* [PROBLEM]: Return all of the data exactly, with nothing left out but the pictures.

* [DATA SECTION]:
[Start of section]
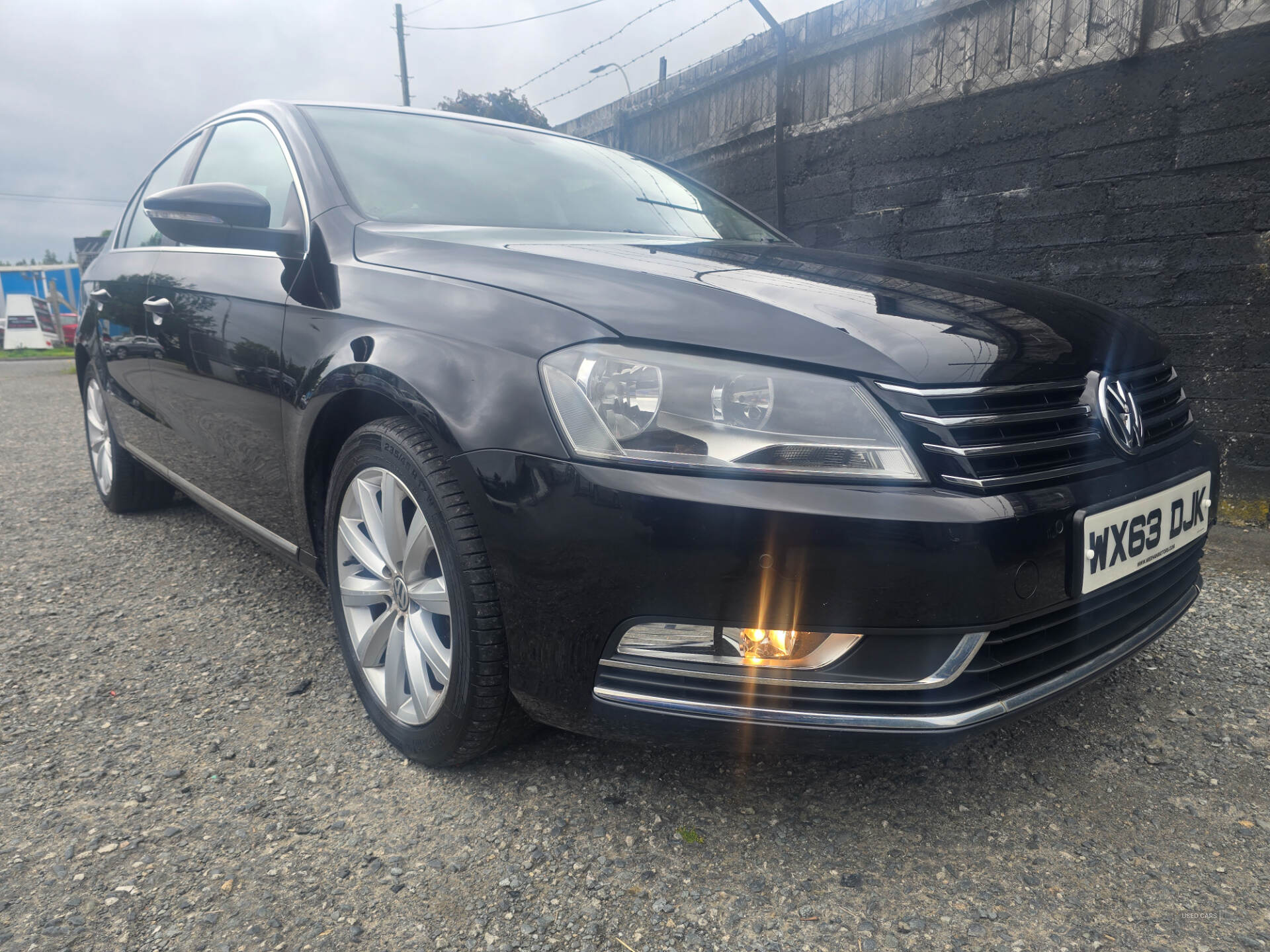 Volkswagen Passat DIESEL SALOON in Down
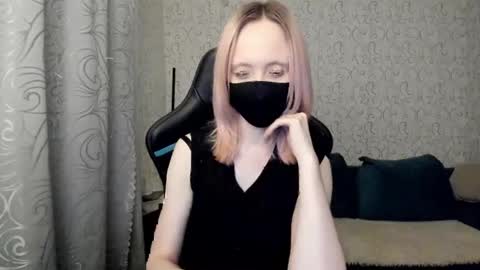 Snapshot of rebesaolset chatting on December 2024 05:15:02 PM RebesaOlset online show from December 2024 05:15:02 PM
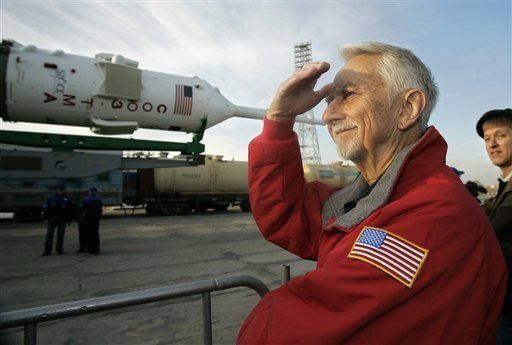 Nave espacial rusa se acopla con estación orbital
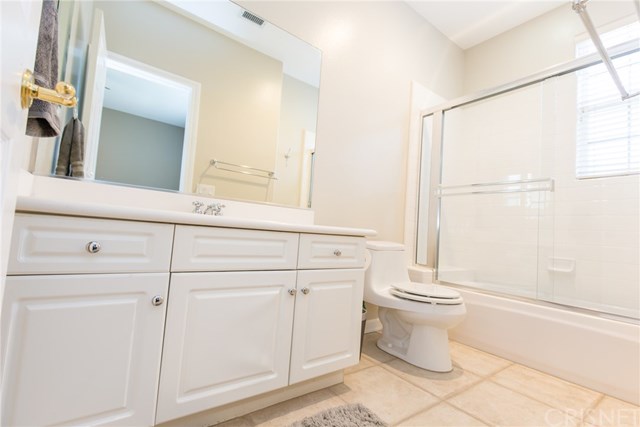 24607 Garland Drive Valencia, CA 91355 - Photo 17 of 20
[End of section]
* [COMPLETED EXERCISE]:
 Volkswagen Passat DIESEL SALOON in Down
 Snapshot of rebesaolset chatting on December 2024 05:15:02 PM RebesaOlset online show from December 2024 05:15:02 PM
 Nave espacial rusa se acopla con estación orbital
 24607 Garland Drive Valencia, CA 91355 - Photo 17 of 20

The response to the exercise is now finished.